“Durante la guerra civile nel Congo degli anni Sessanta, racconti di diffuse pratiche cannibalistiche e altre atrocità scandalizzarono il mondo occidentale. Ma in realtà nell’Africa occidentale il cannibalismo è stato praticato apertamente. Nel 1897 Sindney Hinde scriveva “quasi tutte le tribù del bacino del Congo sono, o sono state, antropofaghe e in alcune questa usanza è in aumento”. Hinde era impressionato dal fatto che nel Congo il cannibalismo si presentasse scopertamente come tale e scriveva:
“gli indigeni vengono spesso a bordo con zanne d’avorio nell’intento di acquistare uno schiavo, affermando che ora c’è poca carne dalle loro parti”. Nel Congo, il cannibalismo non aveva alcun rapporto con il rituale, la religione o la guerra: era puramente una preferenza dietetica…”
Con queste parole il celebre Michael Crichton contestualizza il romanzo Congo, la cui trasposizione cinematografica ha lasciato alquanto a desiderare, mentre il libro è mozzafiato. Congo è un romanzo di fantasia, ma elaborato su nozioni scientifiche e relazioni di viaggio, la cui storia, sviluppata nel cuore dell’Africa Nera è intrisa di suspance. Non deve stupire se l’introduzione è lasciata alle parole dell’esploratore Henry Morton Stanley, datate 1887: “Quanto maggiori sono la mia esperienza e la mia conoscenza della natura umana, tanto più mi convinco che la più grande parte dell’uomo è puramente animale.”
Senza la pretesa di essere esaustivi circa l’argomento, tratteggiamo le linee guida sull’argomento del Cannibalismo, suggerendo al lettore di approfondirne i contenuti in modo assai più scientifico e storico attraverso le tesi e gli studi di molti antropologi che nel corso della storia, hanno contribuito alle conoscenze che oggi abbiamo sull’argomento.(v. bibliografia).
Per una sintetica introduzione comunque, possiamo iniziare col prendere in considerazione come le prime voci sulla presenza di cinocefali nel Nuovo Mondo, ovvero di figure mitologiche di uomini con la testa di cani, dediti al cannibalismo, risalgono a Cristoforo Colombo che nel Diario di Bordo del suo primo viaggio alle Indie Occidentali scrisse: “lontano di lì, (Cuba), c’erano uomini con un solo occhio, e altri con muso di cane, i quali mangiavano gli uomini e, catturando qualcuno gli tagliavano la testa, ne bevevano il sangue e gli tagliavano i genitali…” Il navigatore genovese non era certo un visionario, e il cinocefalo altro non era che la trasposizione di un immaginario collettivo europeo che derivava dalla infelice traduzione dei racconti nativi, dando così origine alla leggenda.

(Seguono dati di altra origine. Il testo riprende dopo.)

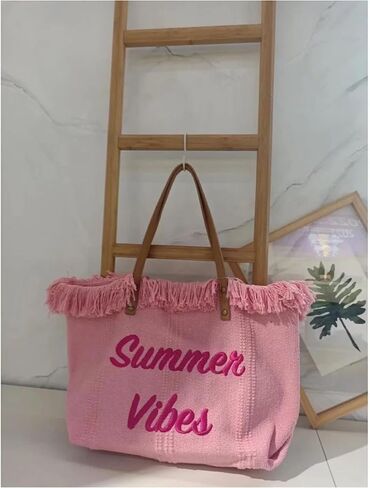 Rong Shop Women Large Beach Canvas Tote Bag Summer Vibes Beach Bag Big Capacity Tassel Handbag in Saudi Arabia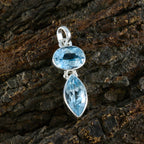 Blue Topaz Whisper-thin Egyptian Silver Toi et Moi Emily Signet Blue Pendant Jewelry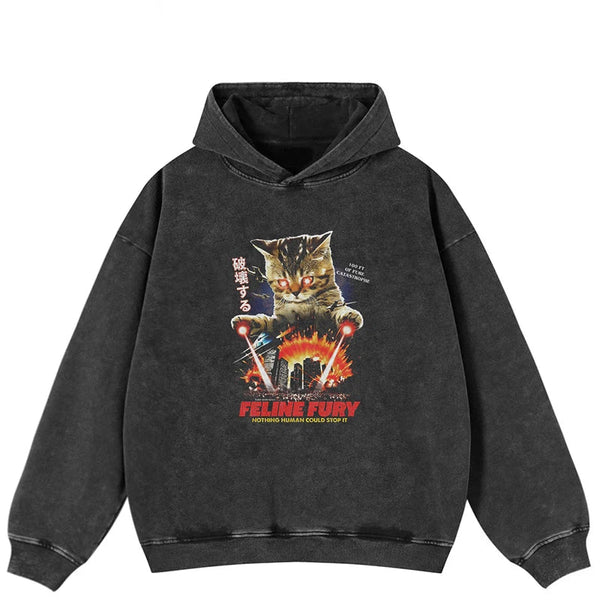 Oversize Funny Cat Attack Hoodie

Colombo riportò solo una voce, ma, come in tutte le leggende, qualcosa di vero c’era…
Ritenuti feroci i Cannibali, da Caraibi, Caribi, canibi, i nativi venivano descritti come mangiatori di carne umana soliti a decapitare le loro vittime. A questo punto occorre fare una puntualizzazione: l’obiettivo principale della conquista del Nuovo Mondo, prevedeva la completa presa di possesso delle terre da poco esplorate e dei suoi abitanti. Quel mondo però era ritenuto ostile, poiché ignoto. I rappresentanti del mondo occidentale, a confronto con le culture native, percepirono l’altrui umanità come “diversa”,quindi, indissolubilmente legata a concetti di bontà e malvagità. Su queste basi, proliferò l’immaginario da parte di esploratori e viaggiatori del passato, perché ciò che non si conosceva faceva paura. E s’ingigantiva, si esasperava la realtà, per esorcizzare quella paura. Per l’Occidente essere cannibale significava peccato mortale, per le tribu’ native era un sacrificio agli dei. In sintesi un abisso culturale.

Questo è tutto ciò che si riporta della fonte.